Collins expects to install the large cargo door in its first prototype Q300 large-cargo-door conversion soon, and will commence flight testing shortly after.
Given the time and investment required to develop a structural modification, and the commonality between the Q300 and the stretched Q400, Collins is also in a favorable position to develop a large cargo door conversion for the Q400.
At the same time, De Havilland told Cargo Facts that its development plans include several additional freighter solutions for the Dash 8-400. The company already produces a combi variant of the Q400, now in service with Japan-based Ryukyu Air Commuter, but is looking at package-freighter conversions of the aircraft, as well as a production version featuring a large cargo door.
But given the significant investment that a large cargo door represents, not to mention the operational change for carriers not currently moving palletized or large cargo, it remains to be seen whether multiple large cargo-door solutions for the same platform are necessary.

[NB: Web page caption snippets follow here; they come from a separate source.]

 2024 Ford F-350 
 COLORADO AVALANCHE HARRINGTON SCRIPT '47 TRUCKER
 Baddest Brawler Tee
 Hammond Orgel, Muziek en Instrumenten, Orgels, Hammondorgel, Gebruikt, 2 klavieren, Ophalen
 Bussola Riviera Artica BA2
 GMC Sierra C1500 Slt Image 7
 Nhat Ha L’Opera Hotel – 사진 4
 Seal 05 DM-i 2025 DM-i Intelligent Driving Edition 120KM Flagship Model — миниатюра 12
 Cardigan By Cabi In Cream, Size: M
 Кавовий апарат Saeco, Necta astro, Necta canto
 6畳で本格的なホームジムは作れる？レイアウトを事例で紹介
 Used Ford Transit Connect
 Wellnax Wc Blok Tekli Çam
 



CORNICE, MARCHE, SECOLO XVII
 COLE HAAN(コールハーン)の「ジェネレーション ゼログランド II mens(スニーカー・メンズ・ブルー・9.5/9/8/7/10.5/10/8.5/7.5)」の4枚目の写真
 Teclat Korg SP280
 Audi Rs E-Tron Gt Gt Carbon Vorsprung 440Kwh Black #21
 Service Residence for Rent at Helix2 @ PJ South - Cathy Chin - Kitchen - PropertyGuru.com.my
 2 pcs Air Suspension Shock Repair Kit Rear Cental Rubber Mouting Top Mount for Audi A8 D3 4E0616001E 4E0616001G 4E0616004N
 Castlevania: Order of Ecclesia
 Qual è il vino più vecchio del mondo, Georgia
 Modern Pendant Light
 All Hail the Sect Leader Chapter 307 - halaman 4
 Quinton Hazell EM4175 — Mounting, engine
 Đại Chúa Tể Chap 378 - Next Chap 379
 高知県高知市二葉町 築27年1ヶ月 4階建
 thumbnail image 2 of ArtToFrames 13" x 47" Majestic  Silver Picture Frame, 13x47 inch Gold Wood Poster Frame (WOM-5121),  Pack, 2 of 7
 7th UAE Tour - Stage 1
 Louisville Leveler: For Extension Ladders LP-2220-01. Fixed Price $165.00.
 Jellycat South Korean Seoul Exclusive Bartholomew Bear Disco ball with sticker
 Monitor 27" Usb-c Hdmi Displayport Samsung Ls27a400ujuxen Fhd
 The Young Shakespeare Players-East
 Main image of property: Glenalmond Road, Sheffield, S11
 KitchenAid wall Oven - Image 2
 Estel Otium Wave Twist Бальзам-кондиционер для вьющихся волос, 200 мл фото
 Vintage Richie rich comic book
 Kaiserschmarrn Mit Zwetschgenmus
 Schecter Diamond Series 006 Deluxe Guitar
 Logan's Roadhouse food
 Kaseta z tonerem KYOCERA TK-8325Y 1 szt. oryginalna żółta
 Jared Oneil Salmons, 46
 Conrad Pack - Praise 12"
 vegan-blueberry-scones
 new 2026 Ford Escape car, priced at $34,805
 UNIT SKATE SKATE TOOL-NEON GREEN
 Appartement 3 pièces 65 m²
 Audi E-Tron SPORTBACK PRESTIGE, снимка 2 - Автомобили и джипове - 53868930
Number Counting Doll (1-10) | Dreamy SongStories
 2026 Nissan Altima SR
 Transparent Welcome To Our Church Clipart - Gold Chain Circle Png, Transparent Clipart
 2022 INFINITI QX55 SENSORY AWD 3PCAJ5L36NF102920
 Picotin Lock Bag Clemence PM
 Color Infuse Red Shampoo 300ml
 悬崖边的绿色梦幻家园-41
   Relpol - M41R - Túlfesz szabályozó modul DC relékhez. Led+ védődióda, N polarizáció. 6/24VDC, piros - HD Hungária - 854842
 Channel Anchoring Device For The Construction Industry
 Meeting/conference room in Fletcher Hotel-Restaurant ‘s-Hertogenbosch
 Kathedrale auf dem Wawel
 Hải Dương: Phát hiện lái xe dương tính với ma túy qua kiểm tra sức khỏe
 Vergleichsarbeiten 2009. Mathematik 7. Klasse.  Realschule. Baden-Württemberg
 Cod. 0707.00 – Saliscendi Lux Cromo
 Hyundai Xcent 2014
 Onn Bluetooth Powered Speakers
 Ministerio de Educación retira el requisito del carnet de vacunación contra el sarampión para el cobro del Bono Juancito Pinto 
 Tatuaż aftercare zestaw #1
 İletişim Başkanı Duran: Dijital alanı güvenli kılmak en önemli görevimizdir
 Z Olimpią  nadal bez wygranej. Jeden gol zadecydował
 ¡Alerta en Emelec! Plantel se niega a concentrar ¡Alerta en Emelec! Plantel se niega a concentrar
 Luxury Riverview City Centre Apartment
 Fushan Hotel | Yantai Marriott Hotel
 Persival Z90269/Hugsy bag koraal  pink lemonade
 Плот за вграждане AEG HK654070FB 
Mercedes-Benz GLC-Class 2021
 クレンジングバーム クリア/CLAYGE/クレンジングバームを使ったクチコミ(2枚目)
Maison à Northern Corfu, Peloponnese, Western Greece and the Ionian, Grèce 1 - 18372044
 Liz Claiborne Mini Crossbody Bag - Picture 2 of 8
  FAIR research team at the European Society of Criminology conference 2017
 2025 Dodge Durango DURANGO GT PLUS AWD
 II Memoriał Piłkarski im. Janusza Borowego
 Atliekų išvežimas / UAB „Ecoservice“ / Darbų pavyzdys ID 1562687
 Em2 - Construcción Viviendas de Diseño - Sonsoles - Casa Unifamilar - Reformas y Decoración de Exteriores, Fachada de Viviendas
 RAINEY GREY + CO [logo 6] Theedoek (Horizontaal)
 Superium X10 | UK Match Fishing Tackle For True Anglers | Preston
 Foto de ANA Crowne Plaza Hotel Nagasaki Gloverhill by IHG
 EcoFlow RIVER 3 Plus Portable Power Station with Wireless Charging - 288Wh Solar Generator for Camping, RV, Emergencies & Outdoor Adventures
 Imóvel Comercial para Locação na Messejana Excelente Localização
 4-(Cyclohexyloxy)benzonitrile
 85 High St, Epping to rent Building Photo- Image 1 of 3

“We are in discussions with several potential customers and will make a decision on the Full Package Freighter upon confirming the market demand,” said Todd Young, chief operating officer of De Havilland. “Of course, the current aerospace industry environment will also impact the timing of our decision.”
Other programs for Dash 8 aircraft include a package-freighter conversion of the Q400 by Cascade Aerospace, and a package-freighter conversion based on the smaller Dash 8-100 by Voyageur Aviation Corp. Voyageur is subsidiary of regional aircraft lessor Chorus Aviation Inc., which also owns Jazz Aviation.
Ontario-based Wasaya Airways is currently the sole operator of the -100 package freighter but, during the crisis, Voyageur has seen a spike in interest in cargo solutions for the Dash 8, according to Cory Cousineau, its chief operating officer.
Regarding Chorus Aviation’s aircraft portfolio, Cousineau said, “We have access to aircraft.” The Chorus portfolio currently comprises eighty-two Dash 8 aircraft, according to its website. With kits on hand, the lead time for a -100 package-freighter conversion is just eight weeks.
Although Voyageur has not formally announced conversion programs for other Dash 8 variants, “Capabilities extend to other models,” added Cousineau.
Revisiting the flurry of new programs, interest from new operators could expand the feeder freighter segment, and those operating within it. But while the variety of operators removing seats and operating temporary cargo conversions has diversified, carriers haven’t yet flocked to permanent conversions.